Dakich attended Andrean High School in Merrillville, Indiana. He elected to play basketball for Indiana under coach Bob Knight from 1981 to 1985. He was a team captain during his junior and senior seasons and the Hoosiers finished with an 84–39 (.683) record during his career. As a player, he helped Indiana win one Big Ten title (during the 1982–83 season), earn three NCAA Tournament berths and finish as the NIT runner-up his senior season. As a junior, he was named All-Tournament at the Indiana Classic and as a senior he earned similar accolades at the Hoosier Classic.
Dakich is remembered for his defensive effort against Michael Jordan in Indiana's upset of No. 1 ranked North Carolina in the 1984 East Regional Semifinal of the NCAA Tournament. It was Dakich's sixth start of the year, but Knight assigned him to guard Jordan the afternoon of the game. Knight told him, "Just don't let him dunk on you. That will embarrass you and me both." Dakich later reported, "I went back to my room and threw up." Jordan scored 13 points in what would be his final college game, and both Dakich and Jordan eventually fouled out of the game. Indiana won the game 72–68.

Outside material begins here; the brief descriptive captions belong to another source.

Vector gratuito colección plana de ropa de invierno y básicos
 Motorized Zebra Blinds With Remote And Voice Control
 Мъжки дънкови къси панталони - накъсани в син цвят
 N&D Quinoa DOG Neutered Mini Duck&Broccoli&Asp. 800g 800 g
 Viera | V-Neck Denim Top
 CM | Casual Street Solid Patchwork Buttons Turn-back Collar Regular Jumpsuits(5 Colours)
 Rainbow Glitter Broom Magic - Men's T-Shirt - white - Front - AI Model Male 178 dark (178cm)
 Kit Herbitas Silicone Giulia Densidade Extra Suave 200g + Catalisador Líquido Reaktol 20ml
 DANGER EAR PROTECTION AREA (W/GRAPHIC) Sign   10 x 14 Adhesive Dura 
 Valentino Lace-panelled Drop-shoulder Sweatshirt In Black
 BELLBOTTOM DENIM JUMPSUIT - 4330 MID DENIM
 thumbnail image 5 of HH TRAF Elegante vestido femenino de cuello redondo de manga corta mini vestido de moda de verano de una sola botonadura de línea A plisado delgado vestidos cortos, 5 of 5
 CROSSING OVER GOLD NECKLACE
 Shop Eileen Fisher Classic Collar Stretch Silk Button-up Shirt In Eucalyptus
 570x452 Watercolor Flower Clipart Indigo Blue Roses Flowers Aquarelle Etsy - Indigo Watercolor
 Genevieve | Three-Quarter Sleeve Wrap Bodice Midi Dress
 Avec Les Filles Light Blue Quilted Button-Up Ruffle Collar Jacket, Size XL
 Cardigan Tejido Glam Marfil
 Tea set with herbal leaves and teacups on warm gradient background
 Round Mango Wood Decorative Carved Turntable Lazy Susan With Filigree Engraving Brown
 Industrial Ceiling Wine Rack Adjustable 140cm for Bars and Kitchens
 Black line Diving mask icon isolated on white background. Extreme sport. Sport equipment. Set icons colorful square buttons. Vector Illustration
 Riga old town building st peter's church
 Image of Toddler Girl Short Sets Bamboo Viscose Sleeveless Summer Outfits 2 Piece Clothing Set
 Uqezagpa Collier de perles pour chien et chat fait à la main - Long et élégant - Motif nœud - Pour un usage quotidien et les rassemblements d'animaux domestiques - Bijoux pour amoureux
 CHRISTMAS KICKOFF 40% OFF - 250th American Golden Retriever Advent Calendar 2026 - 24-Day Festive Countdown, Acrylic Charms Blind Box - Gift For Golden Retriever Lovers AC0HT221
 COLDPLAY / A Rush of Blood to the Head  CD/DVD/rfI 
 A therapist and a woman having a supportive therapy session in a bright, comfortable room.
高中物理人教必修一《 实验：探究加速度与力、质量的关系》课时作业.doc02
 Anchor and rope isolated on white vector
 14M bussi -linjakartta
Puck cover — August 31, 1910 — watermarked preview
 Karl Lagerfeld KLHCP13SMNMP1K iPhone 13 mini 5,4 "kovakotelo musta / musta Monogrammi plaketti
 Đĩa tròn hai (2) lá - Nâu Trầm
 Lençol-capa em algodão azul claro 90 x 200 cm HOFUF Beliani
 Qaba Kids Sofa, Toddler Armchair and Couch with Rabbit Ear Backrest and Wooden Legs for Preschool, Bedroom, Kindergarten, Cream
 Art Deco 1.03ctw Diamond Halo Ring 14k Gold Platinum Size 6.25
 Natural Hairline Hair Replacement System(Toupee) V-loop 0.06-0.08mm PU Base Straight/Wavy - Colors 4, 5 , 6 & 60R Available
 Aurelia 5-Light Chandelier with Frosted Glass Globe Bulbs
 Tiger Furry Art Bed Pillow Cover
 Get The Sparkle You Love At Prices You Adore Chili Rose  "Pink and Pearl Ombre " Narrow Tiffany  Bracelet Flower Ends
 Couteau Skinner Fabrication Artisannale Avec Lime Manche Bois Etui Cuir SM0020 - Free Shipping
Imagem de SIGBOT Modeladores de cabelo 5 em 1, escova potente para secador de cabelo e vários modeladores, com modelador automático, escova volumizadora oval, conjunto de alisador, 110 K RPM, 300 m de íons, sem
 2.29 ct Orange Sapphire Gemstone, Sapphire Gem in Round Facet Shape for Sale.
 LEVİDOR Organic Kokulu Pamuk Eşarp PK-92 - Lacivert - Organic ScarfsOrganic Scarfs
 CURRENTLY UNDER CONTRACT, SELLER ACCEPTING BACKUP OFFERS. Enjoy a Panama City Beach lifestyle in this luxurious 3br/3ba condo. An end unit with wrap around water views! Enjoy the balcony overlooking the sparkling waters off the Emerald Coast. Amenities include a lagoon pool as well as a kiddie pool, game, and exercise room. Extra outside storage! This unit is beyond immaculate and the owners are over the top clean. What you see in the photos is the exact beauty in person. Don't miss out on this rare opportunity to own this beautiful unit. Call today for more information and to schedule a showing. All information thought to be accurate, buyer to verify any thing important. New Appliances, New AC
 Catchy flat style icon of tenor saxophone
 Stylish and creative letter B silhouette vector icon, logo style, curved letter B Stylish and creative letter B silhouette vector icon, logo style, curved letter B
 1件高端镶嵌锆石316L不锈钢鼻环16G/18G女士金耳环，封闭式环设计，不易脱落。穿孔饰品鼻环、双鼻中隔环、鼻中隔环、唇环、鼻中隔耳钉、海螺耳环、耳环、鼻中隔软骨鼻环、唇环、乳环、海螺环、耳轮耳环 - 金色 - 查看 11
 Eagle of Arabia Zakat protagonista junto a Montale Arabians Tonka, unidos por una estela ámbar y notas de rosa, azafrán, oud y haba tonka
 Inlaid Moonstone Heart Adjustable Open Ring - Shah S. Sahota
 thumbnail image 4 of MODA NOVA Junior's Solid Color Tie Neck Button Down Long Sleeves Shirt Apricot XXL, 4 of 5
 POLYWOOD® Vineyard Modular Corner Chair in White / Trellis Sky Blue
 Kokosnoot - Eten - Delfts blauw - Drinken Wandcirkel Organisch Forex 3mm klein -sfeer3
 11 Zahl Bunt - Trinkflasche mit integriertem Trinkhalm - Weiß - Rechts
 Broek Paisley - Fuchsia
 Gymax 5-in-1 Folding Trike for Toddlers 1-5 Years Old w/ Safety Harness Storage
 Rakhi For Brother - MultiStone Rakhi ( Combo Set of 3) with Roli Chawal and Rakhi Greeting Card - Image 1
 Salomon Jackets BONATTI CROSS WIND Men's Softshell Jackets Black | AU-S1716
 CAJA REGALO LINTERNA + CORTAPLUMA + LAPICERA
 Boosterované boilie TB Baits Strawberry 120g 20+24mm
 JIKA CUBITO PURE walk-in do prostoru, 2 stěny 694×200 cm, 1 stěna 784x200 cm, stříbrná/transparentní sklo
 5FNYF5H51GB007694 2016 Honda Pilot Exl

Dakich was first a graduate assistant coach at Indiana under Bob Knight from 1985–87 and then an assistant coach at Indiana from 1987 to 1997. He helped the Indiana program win 74% (283–101) of its games over the 12 years he served as an assistant coach. The Hoosiers won a national title in the 1986–87 season and earned a spot in the NCAA Tournament in each of his 12 seasons on the staff. IU also captured four Big Ten titles while finishing third or better in 9 of his 12 years.
Dakich was the academic monitor on the Indiana basketball staff his last seven years and, under his guidance, every four-year player on the program graduated. He also assisted in the development of six All-Americans and three national Player of the Year candidates, including 1993 Player of the Year Calbert Cheaney.
From 1997 to 2007 he served as the head coach at Bowling Green State University where he compiled a record of 156–140 (.527). He tied for third all-time in victories among the school's coaches and also was just one of three coaches in school history to post four 18-plus win seasons or more in men's basketball. He saw 22 of 25 seniors complete their degree requirements and had 12 former players sign professional contracts, including former Indiana Pacers guard Keith McLeod. In addition, he had two players earn MAC Player of the Year and three lead the league in scoring during his tenure. During Dakich's tenure, BGSU appeared in the NIT twice but never made it to the NCAA Tournament.
Briefly in 2002, Dakich was named head basketball coach at West Virginia University (WVU) to succeed Gale Catlett. During conversations with WVU players, Dakich learned that people affiliated with the basketball program may have been guilty of NCAA recruiting rules infractions. He allegedly attempted to renegotiate a higher salary at WVU and failed, thus returning to Bowling Green as head basketball coach after only a week at WVU. WVU voluntarily reported results of its internal investigation to the NCAA, and the university was not penalized as a result of the infractions. The focus of the investigation, Jonathan Hargett, was banned from WVU athletics for his role in the reported violations.
At the end of the 2008 season he served as the interim head coach at Indiana University, following Kelvin Sampson's resignation due to NCAA recruiting violations. Under Dakich's guidance, the Hoosiers went 0-2 in postseason play, losing in the first rounds of the Big 10 and NCAA tournaments. After the season, IU declined to offer Dakich the job on a permanent basis, opting instead for Tom Crean.
Dakich is the host of "The Dan Dakich Show" on Indianapolis radio station WFNI, ESPN radio affiliate, 1070 The Fan. Dakich served as a college basketball studio analyst for the Big Ten Network for the 2009–2010 college basketball season. Beginning in November 2010, Dakich joined ESPN as a college basketball color commentator and studio analyst, replacing Steve Lavin.